The second key audience that must be addressed, meanwhile, will always be the staff. Succession necessarily breeds uncertainty, and in small businesses – and most large ones – that’s unwelcome. That’s why it’s vital that communication with employees starts early. The sooner people can start to adapt and have an opportunity to raise issues or risks, the sooner the business and its people can coalesce around the new leader. Only then can they move on.
Family and finance
That’s perhaps particularly an issue where the business is family-run and passing to the next generation. In these cases, there will always be doubts over the meritocracy of such successions, and it’s potentially impossible to satisfy everyone.
Two things, though, can help: First, that the successor can be seen to have ‘paid their dues’ – undertaking a rite of passage working in the business to gain the experience required, as well as the opportunity to earn the respect of their peers. Second, the appointment process should be transparent and honest. If there are competing candidates who are not family members then all candidates must be properly considered, ideally by an independent non-executive, and the reasons behind the final decision explained. The last thing that either party wants is a poisoned atmosphere that a sense of entitlement brings. In the end though, nothing matters more than the hard work, drive and focus of the new appointee. From my own experience, I am sure that in ascending to the helm of Metapraxis following my father’s sudden retirement, having only been at the business for a few years, would have put some people’s nose out of joint. But I worked incredibly hard, and still do, to set a new strategy and achieve the growth that would bring with it opportunity and reward for everyone. Seven years on and four times bigger, I think we have formed a brilliant team.

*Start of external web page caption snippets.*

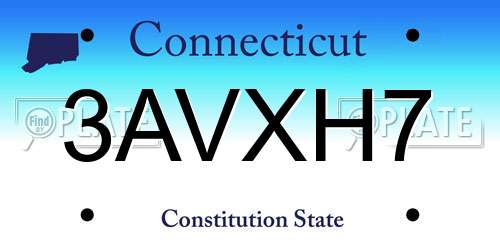 3AVXH7 Connecticut License Plate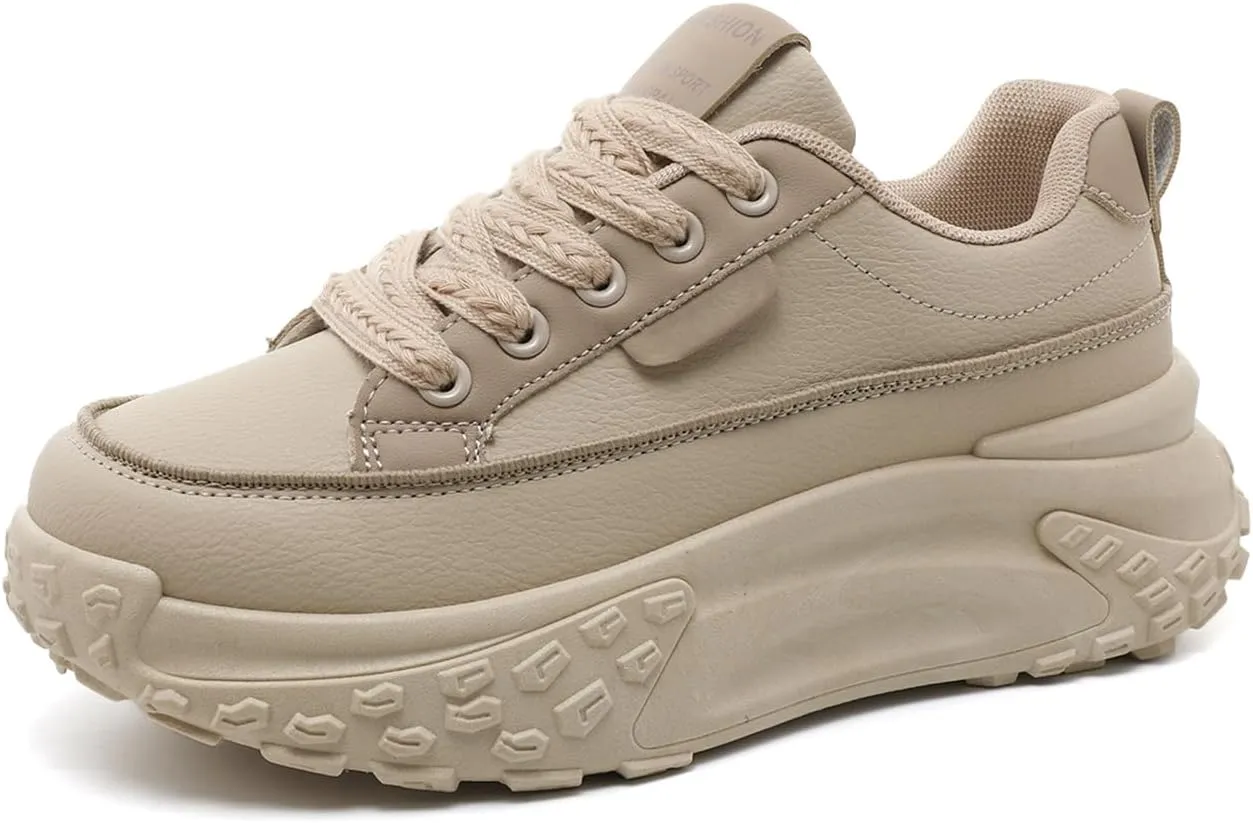 Women's Retro Platform Sneakers Lace-up Casual Walking Shoes Lightweight Athletic Shoes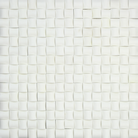 Flat view of Thassos White 3D Bread Mosaic tile, 12x12 sheet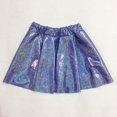 thumbnail image 3 of LUOGENLI Girls Valentine's Day Dresses Size 5 Kids Holiday Party Color Blocking Tutu Carnival Dance Performance Skirt Poncho Cheerleader Sequin Pleated Skirt Blue XXS, 3 of 4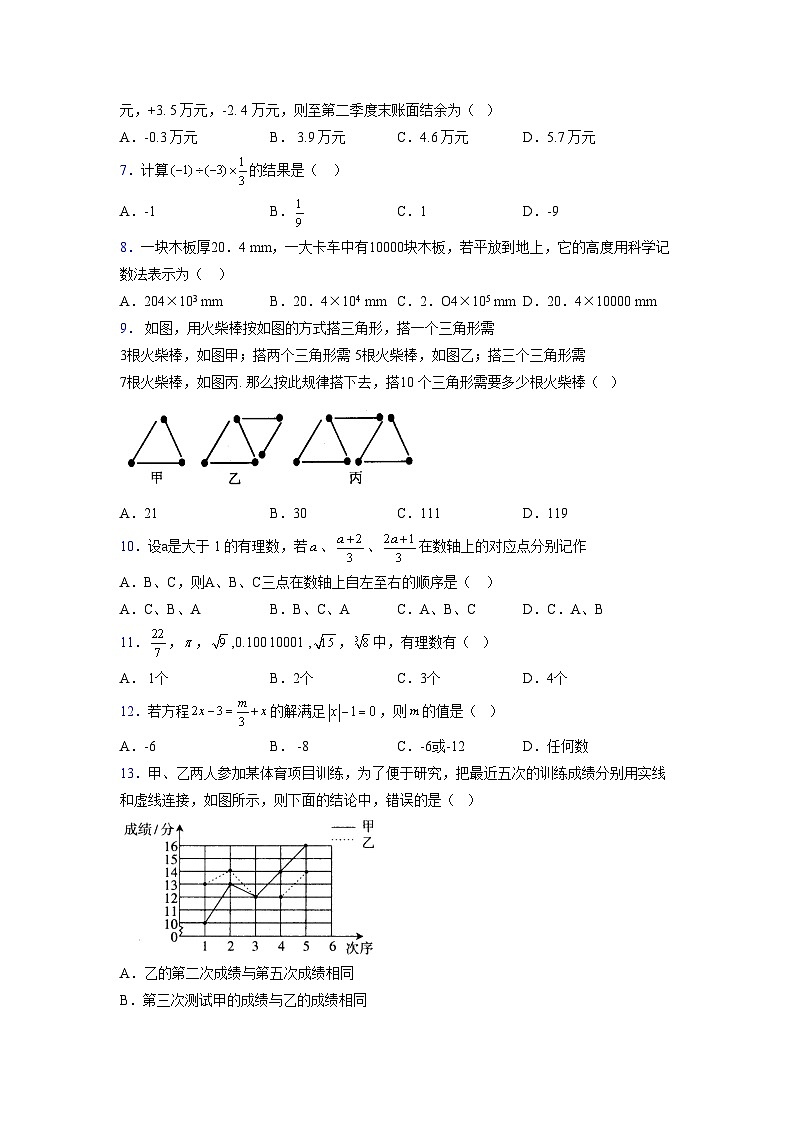 浙教版2021-2022学年度七年级数学上册模拟测试卷  (601)【含简略答案】第2页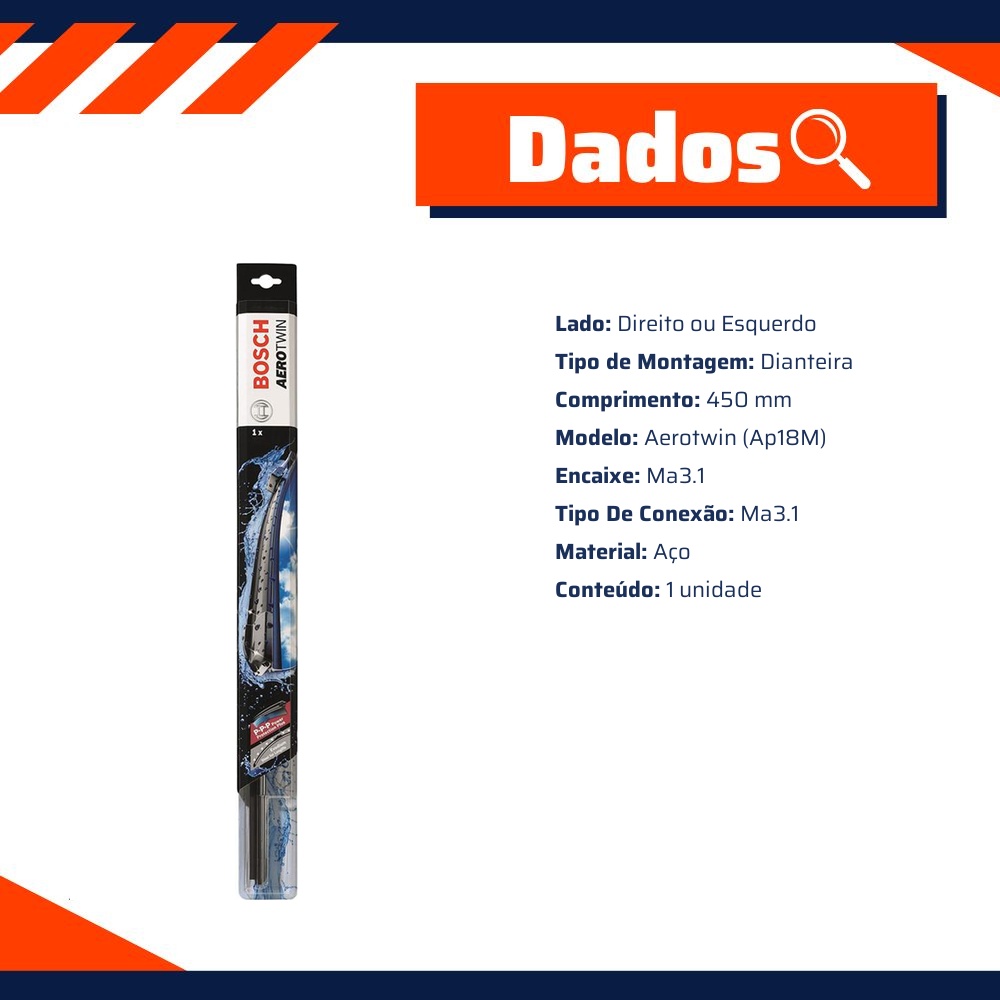 Palheta Individual Aerotwin AP18M Dianteira - Bosch - 3 397 013 061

Finally, in any succession planning process, financial and business data will be vital. With the replacement of a leader there is an inevitable loss of experience and this can negatively affect the quality of decisions. Humans rely on historical experiences to predict future outcomes – it is how our minds work, and is no different in a business context. Historical data will help a new team to better predict potential outcomes based on their actions. If the drivers of performance have been identified across the business, the inputs necessary to create a model of future performance are easier to put in place.
Nowadays, accountants and finance directors with the right tools can apply complex statistical modelling, very quickly, across vast amounts of data to pull out the trends needed to create accurate future predictions about a business’s prospects. Businesses need to use data to understand their key value drivers and the spread of these across customers, products, geographies and functions. ‘What if’ scenarios based on the data will also hugely amplify the planning process.
This process should clarify the roles that really matter and where succession planning is most important. In fact, it also highlights the final reason why planning can’t wait: It helps those running the business to really consider whether the right processes, communication, governance and knowledge sharing are in place. Ultimately, it will help the business run better – whoever’s at the head.